Water users on Colorado’s Western Slope are celebrating a court decision that keeps the “river” in the Gunnison River Basin. A district water-court judge ruled that there was not enough excess water in the Gunnison River watershed for the Union Park project, a proposal that would have diverted 60,000 acre-feet of water per year to the Front Range.


“Now, we can start paying attention to how to manage the water in the basin for the beneficial use of the basin, instead of constantly defending it from being taken out of the basin,” says Steve Glazer of the High Country Citizens’ Alliance in Crested Butte.


Arapahoe County, which includes Aurora and other eastern Denver suburbs, has been trying since 1986 to build a reservoir in Gunnison County’s Union Park, so that it could divert water beneath the Continental Divide via a 42-mile-long aqueduct.


The federal government, the state of Colorado, and local interests lined up against the project, arguing there was not enough unallocated water in the river’s tributaries to fill the reservoir. A 1991 district water court ruled against the project, but the county appealed.
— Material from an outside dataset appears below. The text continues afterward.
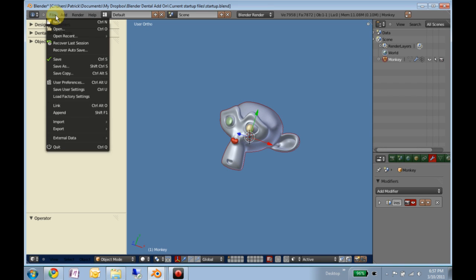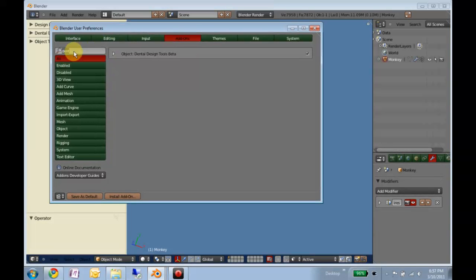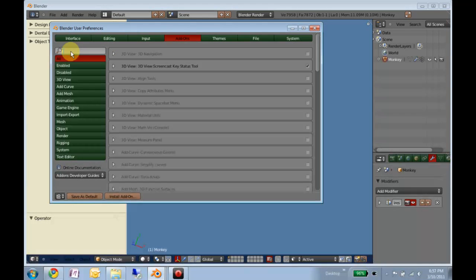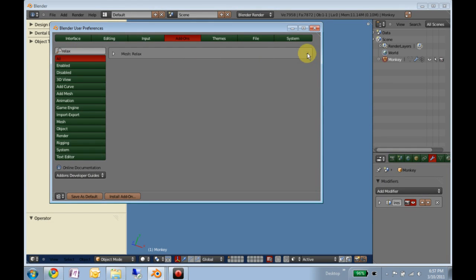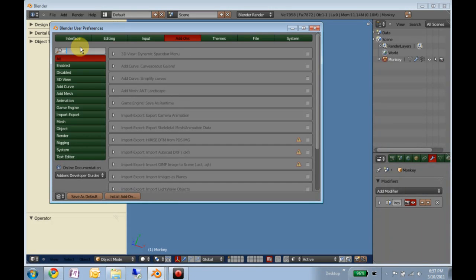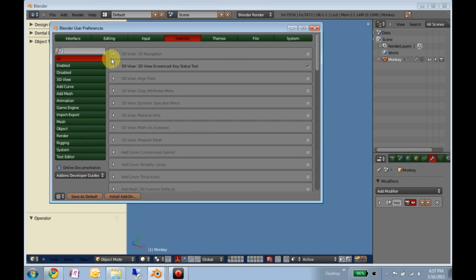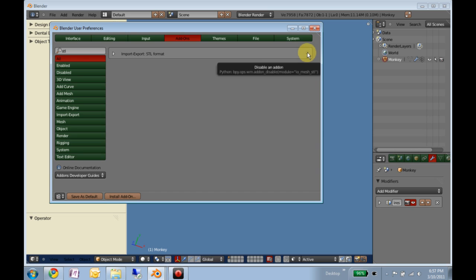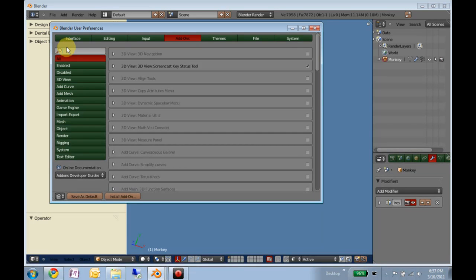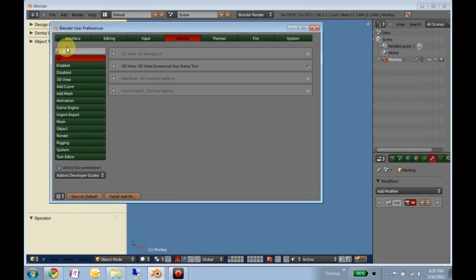So you also need the mesh relax add-on, the import STL, and the 3D view navigation.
The Colorado Supreme Court upheld much of Judge Robert Brown’s decision, but turned it back to the lower court on the issue of legal vs. historical rights.


In his recent decision, Brown found that water rights allocated to the Upper Gunnison River by the federal Bureau of Reclamation were for in-basin use only. He dismissed the case “with prejudice,” meaning that the case can be appealed but not refiled.


Arapahoe County may not be eager to appeal. County commission members have changed since the project was first proposed, says commissioner Steve Ward, and “with one exception, I don’t think any of us would have started this project.” Adds Ward, “An unfavorable decision in water court was certainly no surprise.”


*Michelle Nijhuis


This article appeared in the print edition of the magazine with the headline Western Slope wins water wrestle.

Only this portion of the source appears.